Rav Yosef Dov Soloveitchik zt”l, (1903-1993) known to his many talmidim as the Rav, used to say that these three periods of time mirror the three periods of mourning that a child observes when losing a parent. Tisha B’Av is like the seven-day period of shiva when the sense of mourning is most intense. The “Nine Days” beginning with Rosh Chodesh Av are similar to the period of shloshim (30 days of mourning), and from the Seventeenth of Tammuz until the month of Av we observe laws of mourning similar to the twelve-month period of aveilut that a child observes after losing a parent.

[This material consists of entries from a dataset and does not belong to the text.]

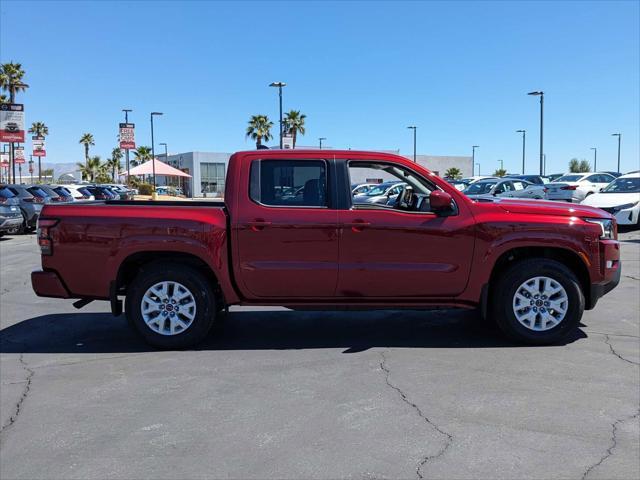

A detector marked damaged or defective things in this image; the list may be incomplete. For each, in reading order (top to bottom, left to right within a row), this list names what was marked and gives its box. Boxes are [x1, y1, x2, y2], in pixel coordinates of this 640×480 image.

crack in asphalt [0, 352, 34, 438]
cracked pavement [0, 231, 636, 478]
crack in asphalt [378, 350, 452, 478]
crack in asphalt [580, 408, 640, 480]
crack in asphalt [604, 336, 636, 366]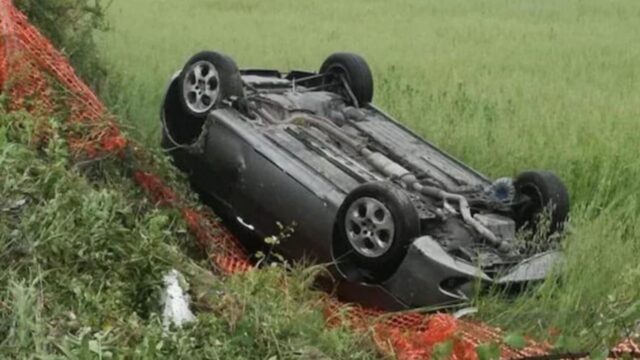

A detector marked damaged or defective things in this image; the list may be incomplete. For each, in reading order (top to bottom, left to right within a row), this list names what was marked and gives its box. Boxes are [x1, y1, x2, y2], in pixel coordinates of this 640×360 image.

overturned black car [161, 50, 568, 310]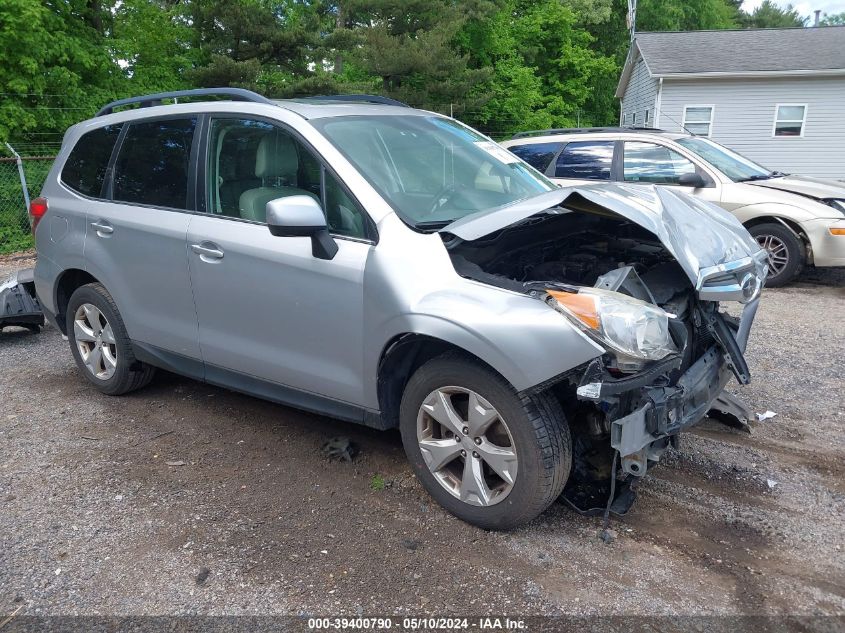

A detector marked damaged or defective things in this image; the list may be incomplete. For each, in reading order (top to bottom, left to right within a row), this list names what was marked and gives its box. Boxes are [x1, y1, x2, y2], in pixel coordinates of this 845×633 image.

crumpled hood [442, 180, 764, 284]
crumpled hood [744, 173, 844, 200]
front-end collision damage [446, 184, 768, 498]
broken headlight [548, 286, 680, 360]
damaged bumper [580, 296, 760, 474]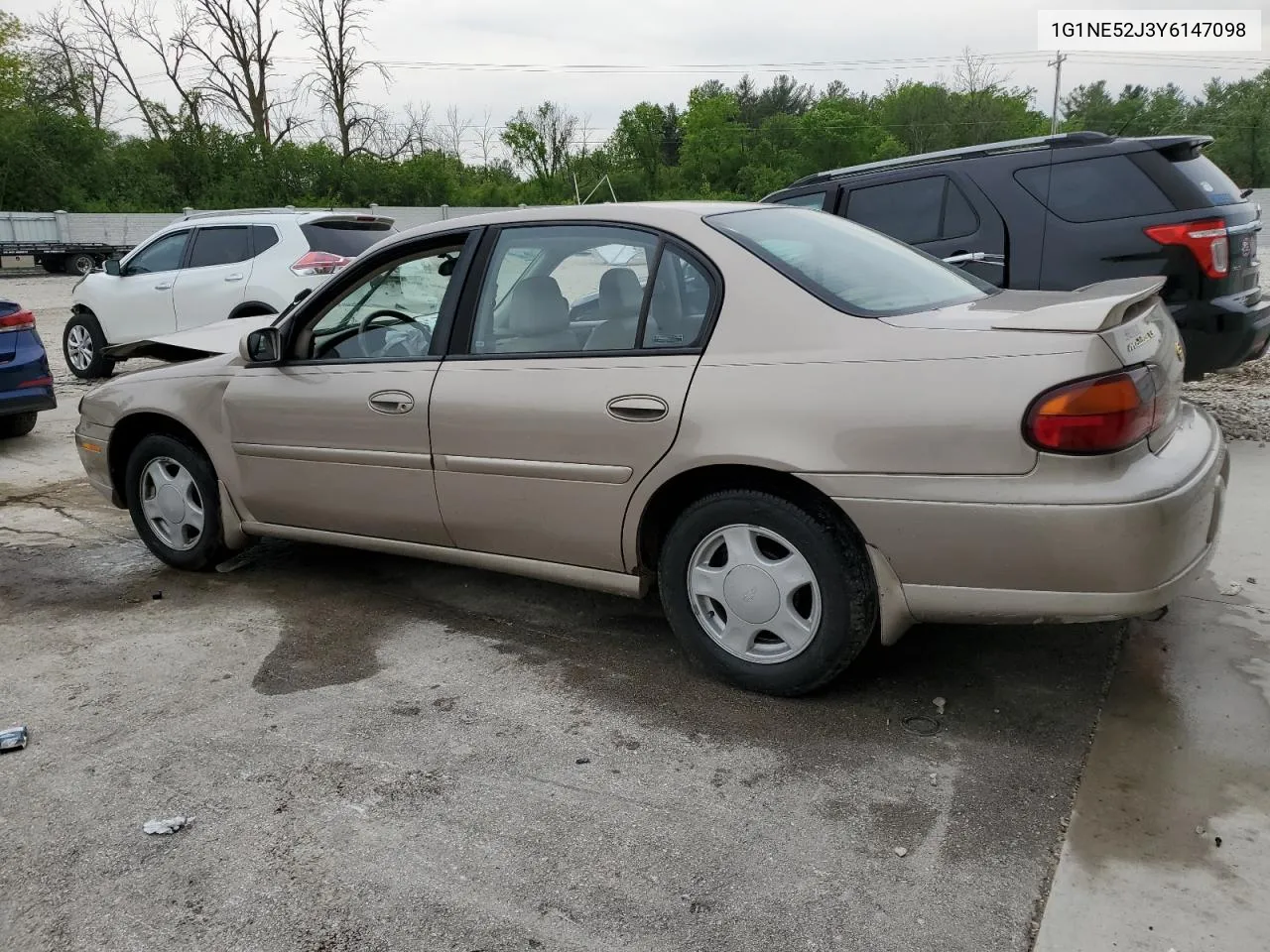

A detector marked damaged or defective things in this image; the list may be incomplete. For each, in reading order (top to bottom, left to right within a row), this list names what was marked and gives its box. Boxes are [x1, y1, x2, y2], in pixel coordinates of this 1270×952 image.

What’s interesting, though, is that the order of observances is reversed. The child who loses a parent observes shiva first, then shloshim and then the twelve-month period of aveilut, while during the “Three Weeks” we first observe the aveilut of the twelve-month period, then shloshim, and only on Tisha B’Av do we keep to the restrictions of shiva. Why is the order changed when we mourn the loss of the Beit HaMikdash?
Differences in Mourning
The Rav explained that there is a fundamental difference between aveilut chadasha (newly occurring, personal mourning), as the Rabbis refer to it (Yevamot 43b), and aveilut yeshana (ancient, annual mourning for the Beit HaMikdash). When a close relative passes away, the grief, the pain, the sense of loss come naturally and easily. It is therefore most appropriate to begin the observances of aveilut with shiva, the most intense expression of mourning. But after seven days, the avel is ready to take a step back. Although his loss is still very much on his mind, nevertheless his emotions have tempered; his feelings of sorrow have lessened. For him, the observances of shloshim are more fitting. By the end of thirty days, the avel has gained perspective on his loss. For most relatives, he is now able to conclude the observances of aveilut. Even for a parent, while he continues to mourn, he still reduces his aveilut once again.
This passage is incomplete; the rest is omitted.